# Saison Cider?



## bullsneck (6/2/14)

I've got 10L of Cider that looks like it's not fermenting. Damn S-04. 
I have another pack if dry yeast in the fridge, but it's a Belle Saison. Am I going to end up with 10Lof undrinkable Cider if I pitch the Saison in?


----------



## tiprya (6/2/14)

No, pitch it, but the lack of fermentation is unlikely to be helped by more yeast, it probably need nutrients and oxygenation.


----------



## Barry (7/2/14)

Saw a recipe in Brew Your Own, I think, which uses a saison yeast in a cider. It stated that the saison character is subdued but pleasant.


----------



## Airgead (7/2/14)

Yeasts do different things in cider (i could make a joke there but won't) than they do in beer. Generally, whatever characters they give to beer are much less pronounced in a cider as the precursor chemicals aren't present. You won't get any clove from a heffe yeast in a cider for example.

You should be OK with the saison yeast.

Cheers
Dave


----------



## doon (7/2/14)

Have you taken a gravity reading to see if it is or isn't fermenting?


----------



## Airgead (7/2/14)

Good point. Cider doesn't hold a stable foam like beer does so you tend to get less karausin when fermenting (having said that, a top cropping yeast will still foam madly on the top). They ferment more like wines than beers - maybe some little bubbles rising to the surface but no big foam.

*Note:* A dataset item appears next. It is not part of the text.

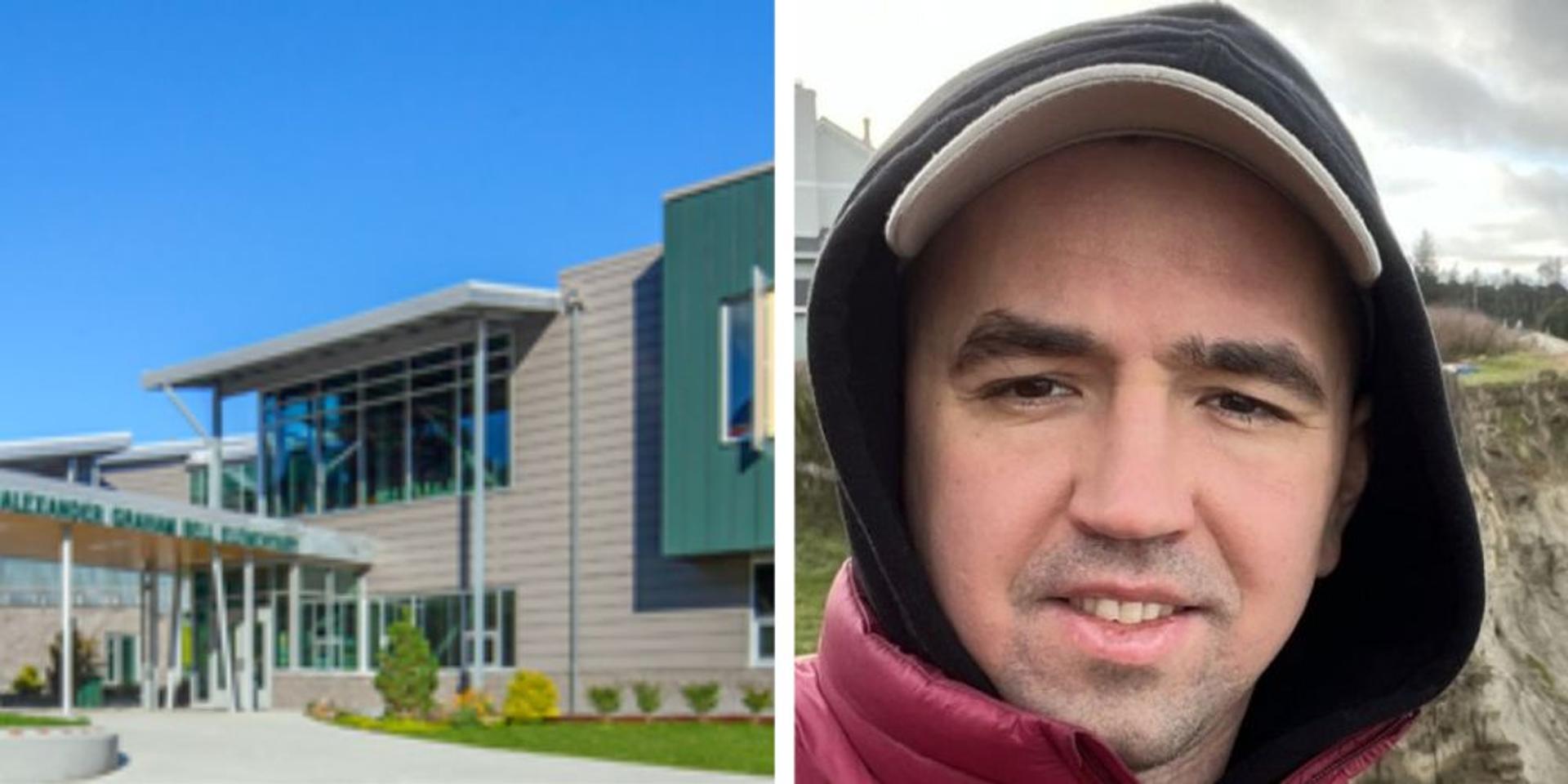 Washington school district taught 10-year-old about sex change surgery despite opt-out request: lawsuit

And don't trust the airlock. It may be not sealed properly or clogged with kittens.

Cheers
Dave


----------



## Liam_snorkel (7/2/14)

Not sure how relevant it is - but I've fermented a few ginger beers using Belle saison and they have been crackers. It attenuates like crazy but doesn't leave it tasting completely dry, and seems to add some yeast character as well.


----------



## TimT (7/2/14)

Suspect ginger beers would work well with lots of yeast because apparently ginger root is a natural home for wild yeast. Maybe it has a friendly nutrient in it? Anyway, no matter how you add the ginger - in the boil, during the fermentation - the yeast seems to like it. I made a wheat beer with ginger last year; it was delish and had those qualities Liam Snorkel describes above.


----------